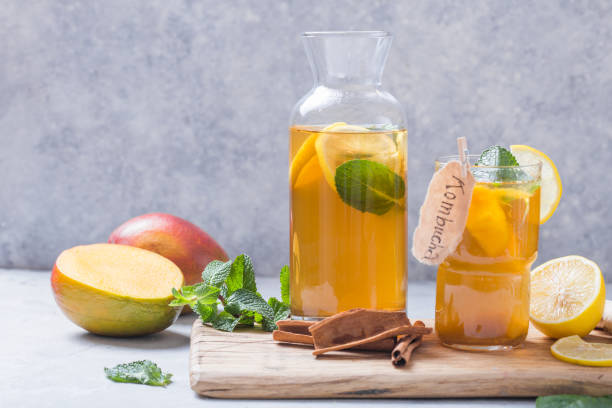 Kombucha or cider fermented drink. Cold tea beverage with beneficial bacteria, cinnamon, lemon on concrete  background side view with copyspace. For healthy nutrition. stock photo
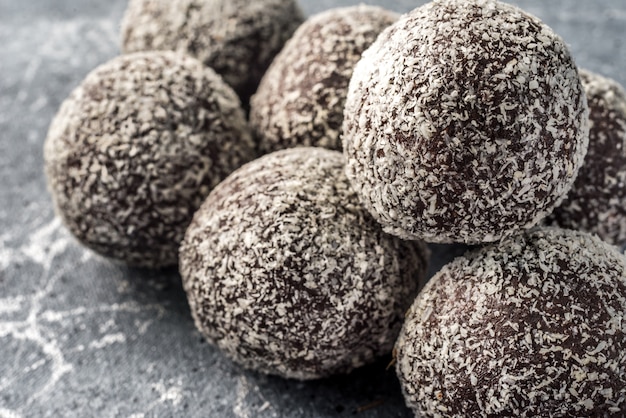 Homemade healthy protein energy balls in a coconut bowl with dried apricots, raisins, walnuts, almonds and coconut. Healthy sweet food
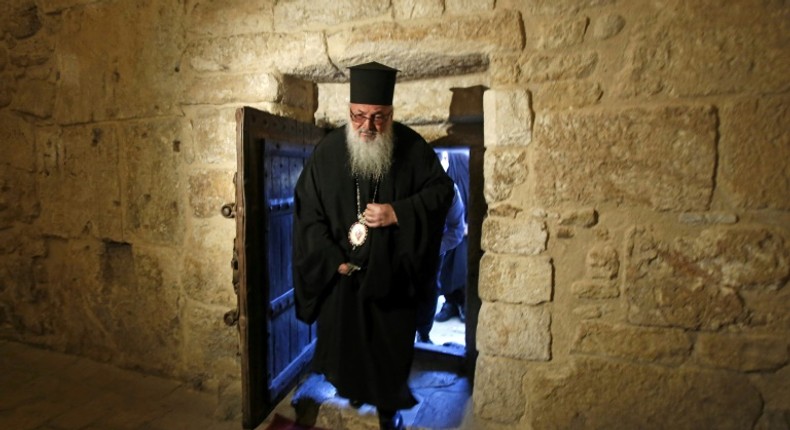 Bishop Theophylactos reopens Bethlehem's Church of the Nativity, built on the spot where Christians believe Jesus was born, as Palestinian authorities ease coronavirus restrictions in the occupied West Bank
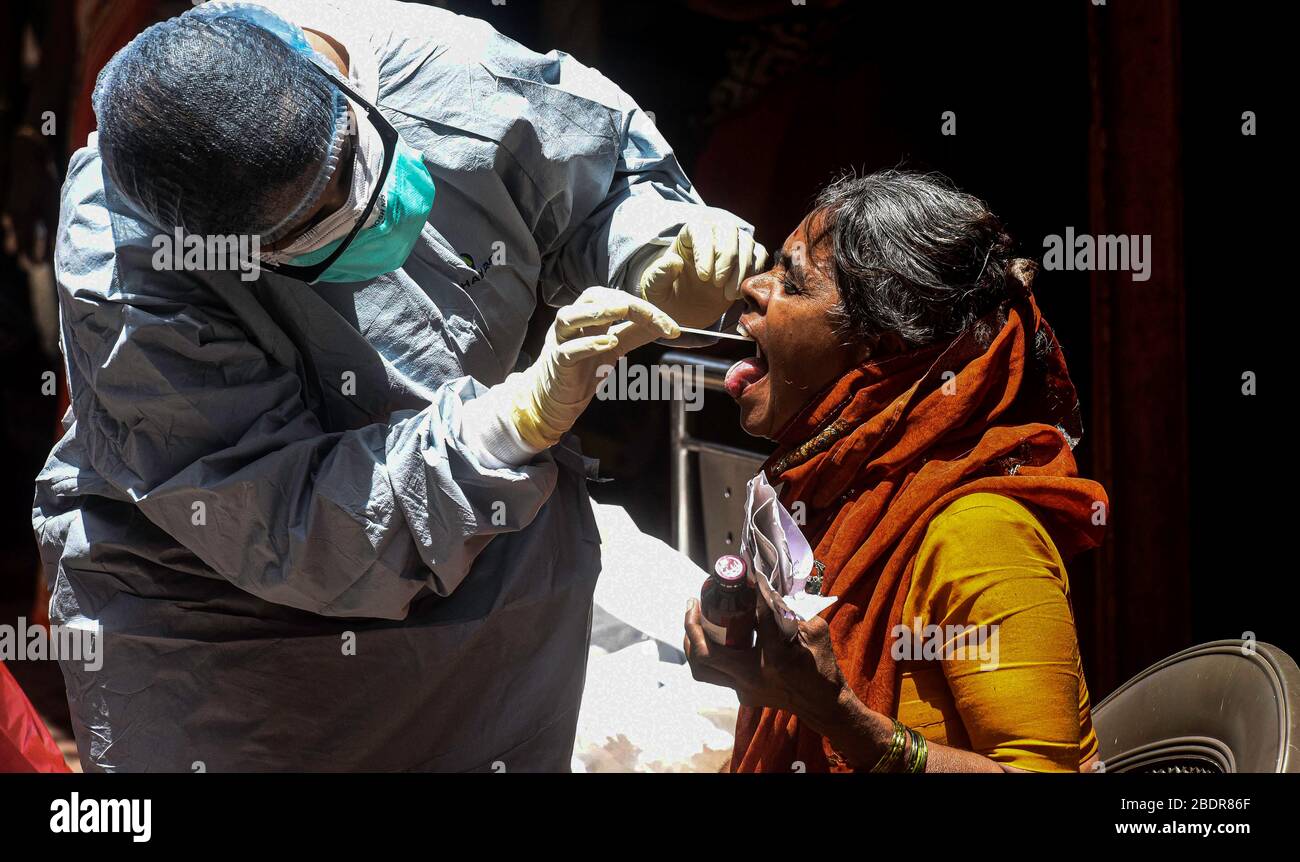 Mumbai, Indien. April 2020. Eine medizinische Fachkraft, die einen Schutzanzug trägt, nimmt einen Tupfer von einer Frau, um in einem Wohngebiet in Mumbai, Indien, am 9. April 2020 auf eine neuartige Coronavirus Krankheit zu testen. Indiens Gesundheitsministerium sagte am Donnerstagabend, dass die Zahl der Todesopfer aufgrund der COVID-19 in Indien auf 169 stieg und die Gesamtzahl der bestätigten Fälle im Land 5.865 erreichte. Kredit: Fariha Farooqui/Xinhua/Alamy Live News Stockfoto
------------------------------------------------
REQUIRED ACTION:
Please transcribe the lines from the one containing "Homemade healthy protein" to the last line of the listing, both included, exactly and with nothing added, leaving every picture out.

RESULT:
 Homemade healthy protein energy balls in a coconut bowl with dried apricots, raisins, walnuts, almonds and coconut. Healthy sweet food
 Bishop Theophylactos reopens Bethlehem's Church of the Nativity, built on the spot where Christians believe Jesus was born, as Palestinian authorities ease coronavirus restrictions in the occupied West Bank
 Mumbai, Indien. April 2020. Eine medizinische Fachkraft, die einen Schutzanzug trägt, nimmt einen Tupfer von einer Frau, um in einem Wohngebiet in Mumbai, Indien, am 9. April 2020 auf eine neuartige Coronavirus Krankheit zu testen. Indiens Gesundheitsministerium sagte am Donnerstagabend, dass die Zahl der Todesopfer aufgrund der COVID-19 in Indien auf 169 stieg und die Gesamtzahl der bestätigten Fälle im Land 5.865 erreichte. Kredit: Fariha Farooqui/Xinhua/Alamy Live News Stockfoto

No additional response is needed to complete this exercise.